• Directions: Only an exact repetition is needed: the lines from the start of the listing below through the line that contains "Ellen Tracy topaz yellow bag", pictures omitted.
(Provided records)
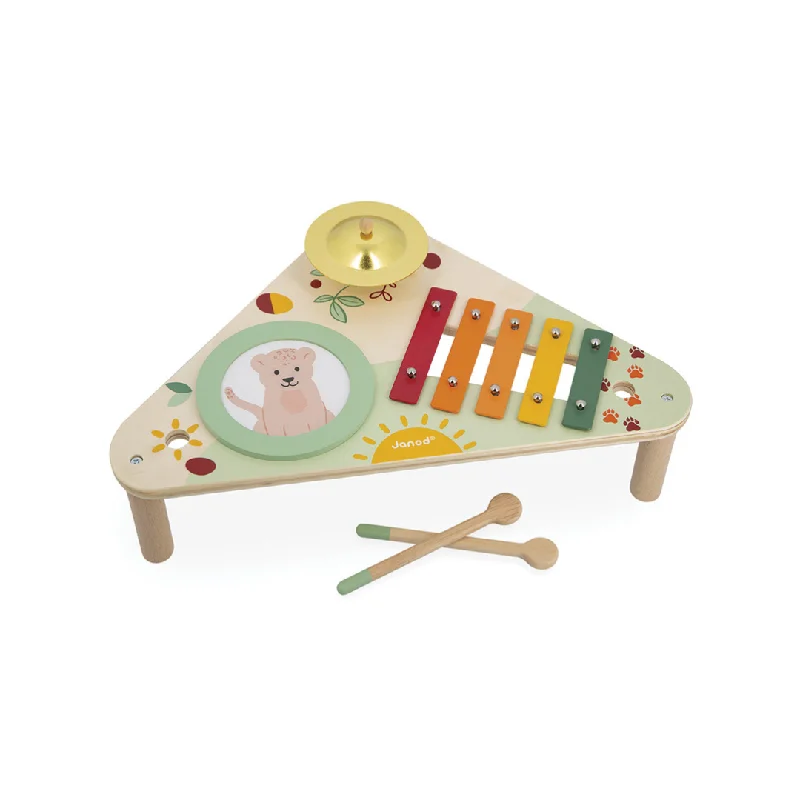 Wooden texture toys for sensory development​ Janod Sunshine Musical Table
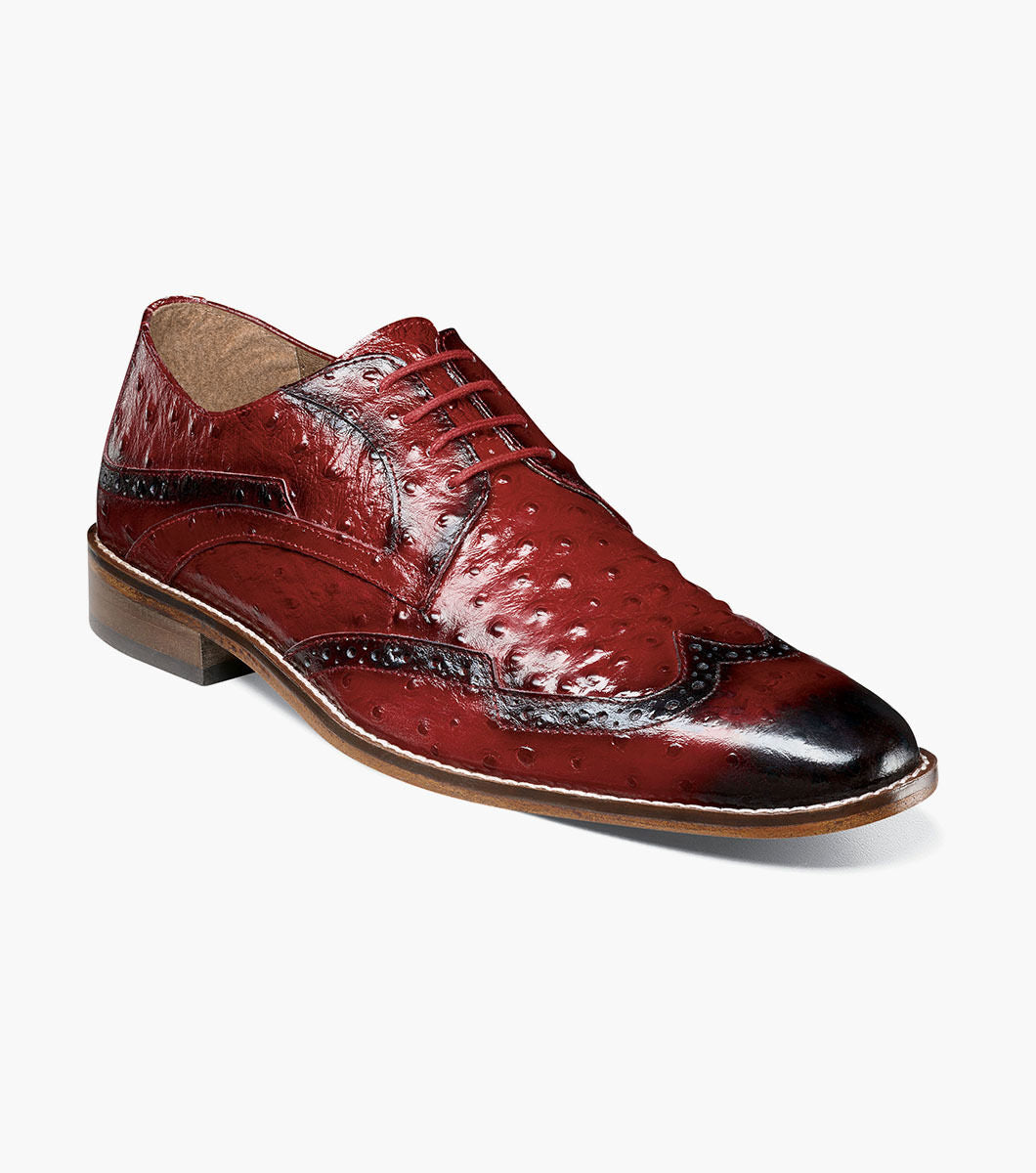 Stacy Adams GENNARO Red Wingtip Oxford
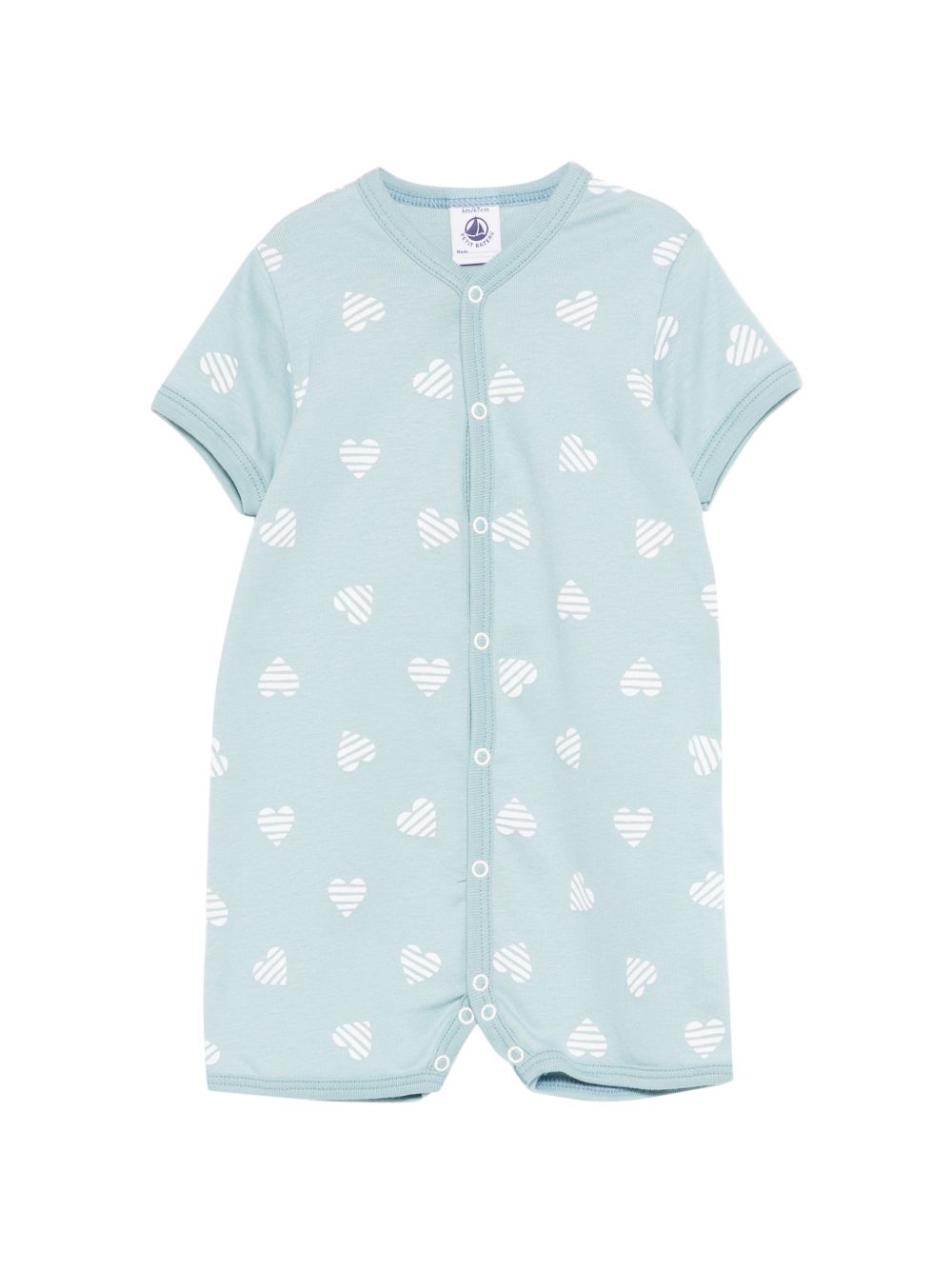 Tutina per neonato Petit Bateau azzurro con motivo a cuore A0FVD 01 PETIT BATEAU KIDS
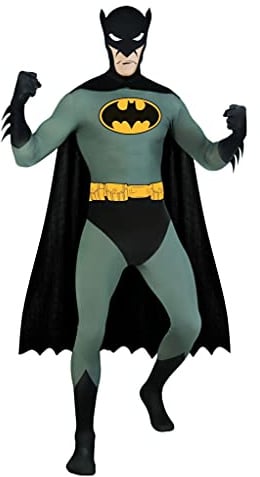 Rubie's Official DC Comics Batman 2nd Skin Costume, Mens Super Hero All in One Fancy Dress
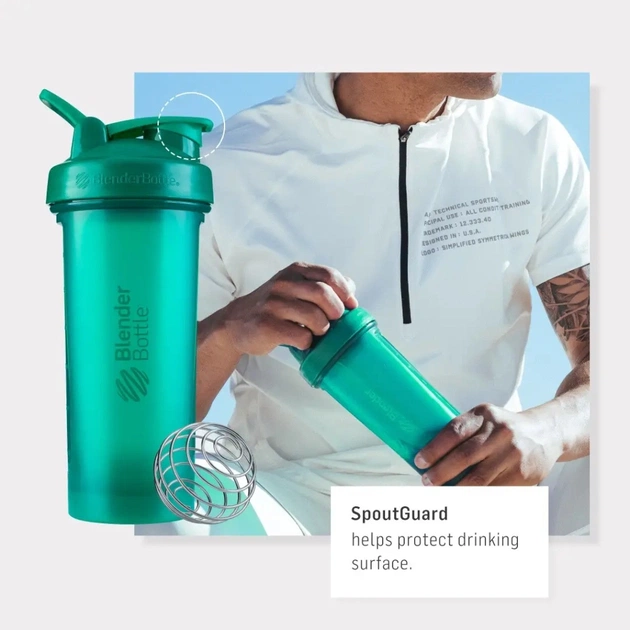 Шейкер спортивний BlenderBottle Pro45 1270ml Emerald Green (Pro45_Emerald_Green) - picture 4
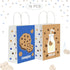 Lsaepon (16 Pack) Cookies Milk Birthday Party Favor Gift Bags, Cookie and Milk Theme Birthday Party Baby Shower Candy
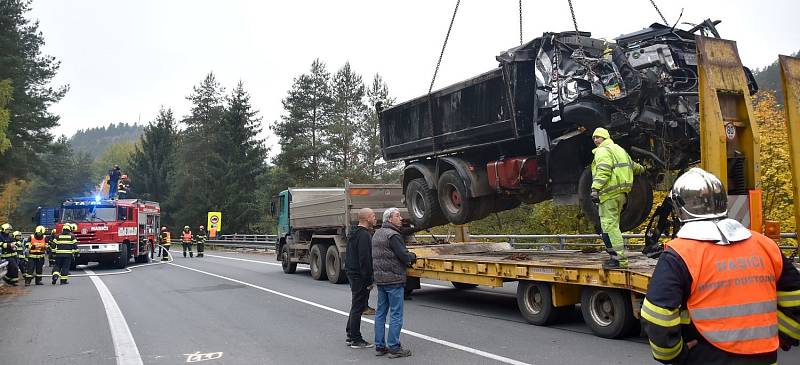 Uzavírka u Kfel na Bečovsku.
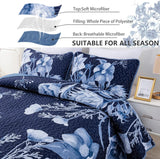 NNEDSZ Vibrant Quilted coverlet and pillowcovers set: Eye Catching Design - Queen size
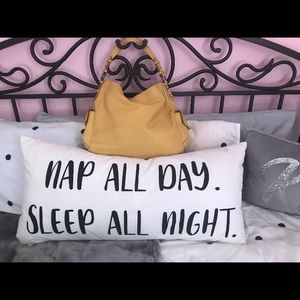 Ellen Tracy topaz yellow bag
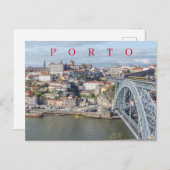 Postkaart met panoramisch zicht op Porto (Voorkant / Achterkant)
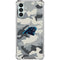 NFL Carolina Panthers Camo Galaxy A13 5G Clear Case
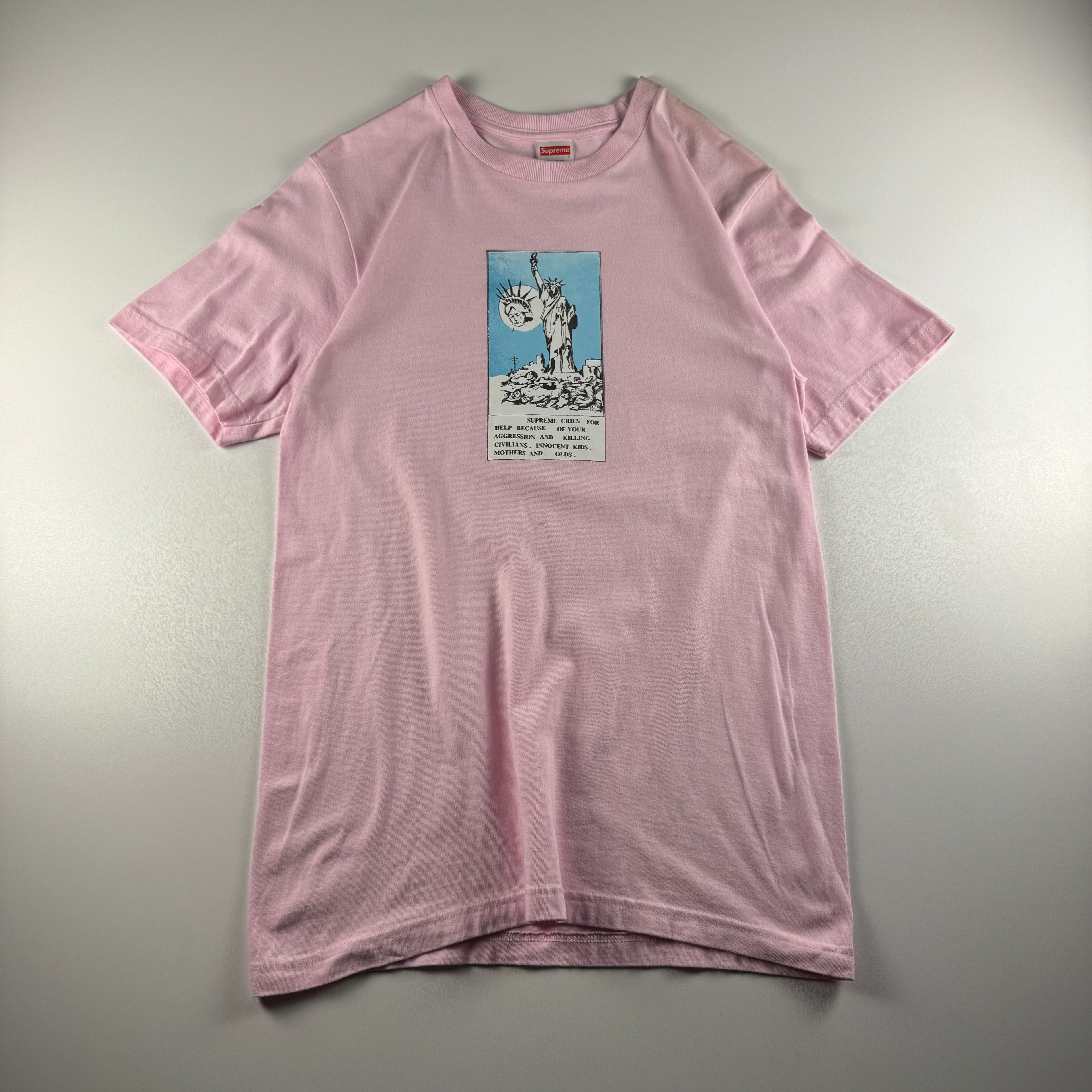 Supreme Liberty Pink Tee (S)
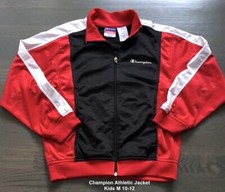 Champion Athletic Full Zip Jacket Kids Sz 10-12 M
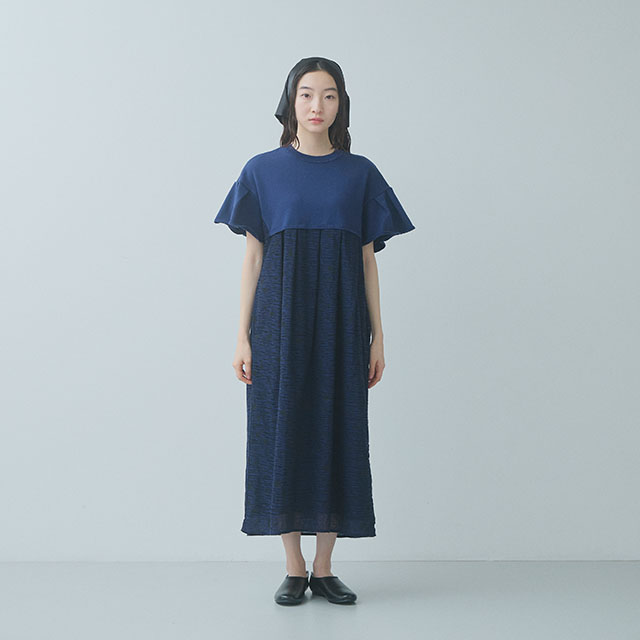 布ぬのワンピース　びいどろクラッシュ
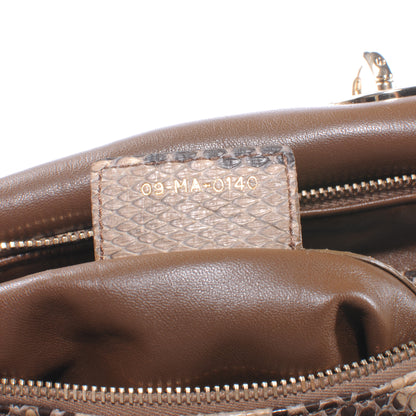 Christian Dior Cannage Python Medium Granville Marron Fonce 8 of 8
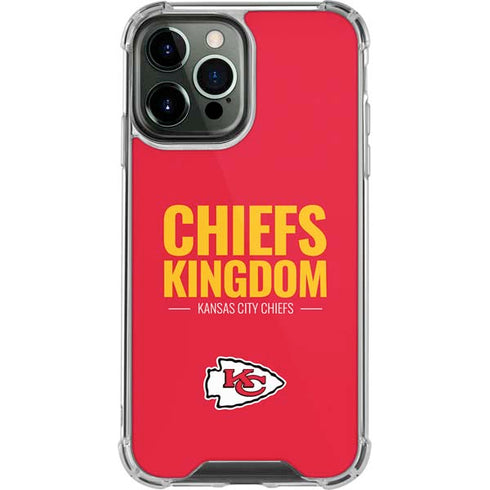 NFL Kansas City Chiefs Team Motto iPhone 13 Pro Max Clear Case
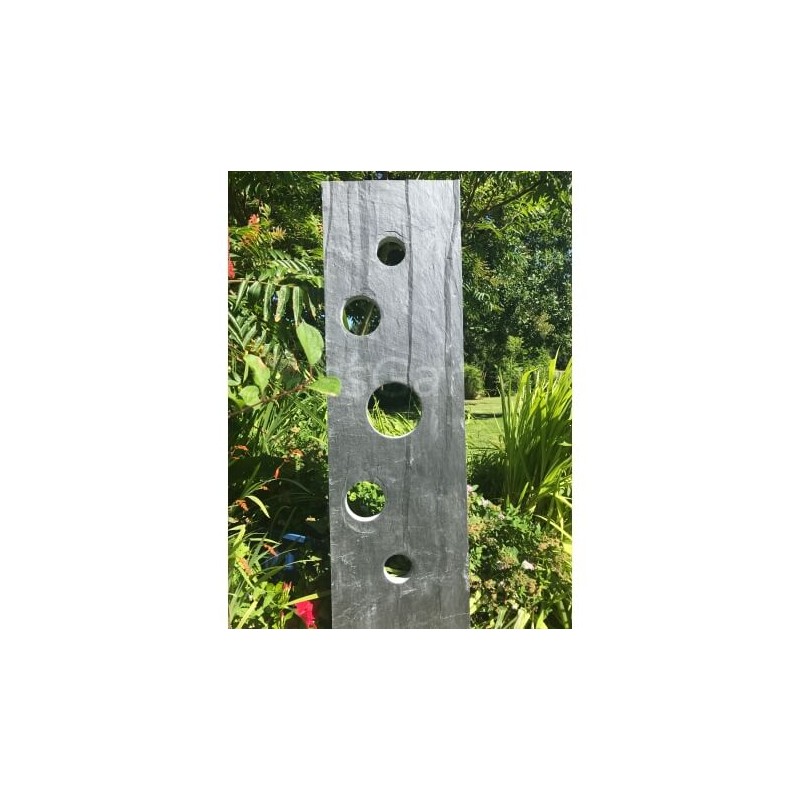 Totem Ardoise 150 Cm - Bulles - Pack De 2 Pièces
(End Provided records)
• Solved exercise:
 Wooden texture toys for sensory development​ Janod Sunshine Musical Table
 Stacy Adams GENNARO Red Wingtip Oxford
 Tutina per neonato Petit Bateau azzurro con motivo a cuore A0FVD 01 PETIT BATEAU KIDS
 Rubie's Official DC Comics Batman 2nd Skin Costume, Mens Super Hero All in One Fancy Dress
 Шейкер спортивний BlenderBottle Pro45 1270ml Emerald Green (Pro45_Emerald_Green) - picture 4
 Lsaepon (16 Pack) Cookies Milk Birthday Party Favor Gift Bags, Cookie and Milk Theme Birthday Party Baby Shower Candy
 Uzavírka u Kfel na Bečovsku.
 NNEDSZ Vibrant Quilted coverlet and pillowcovers set: Eye Catching Design - Queen size
 Ellen Tracy topaz yellow bag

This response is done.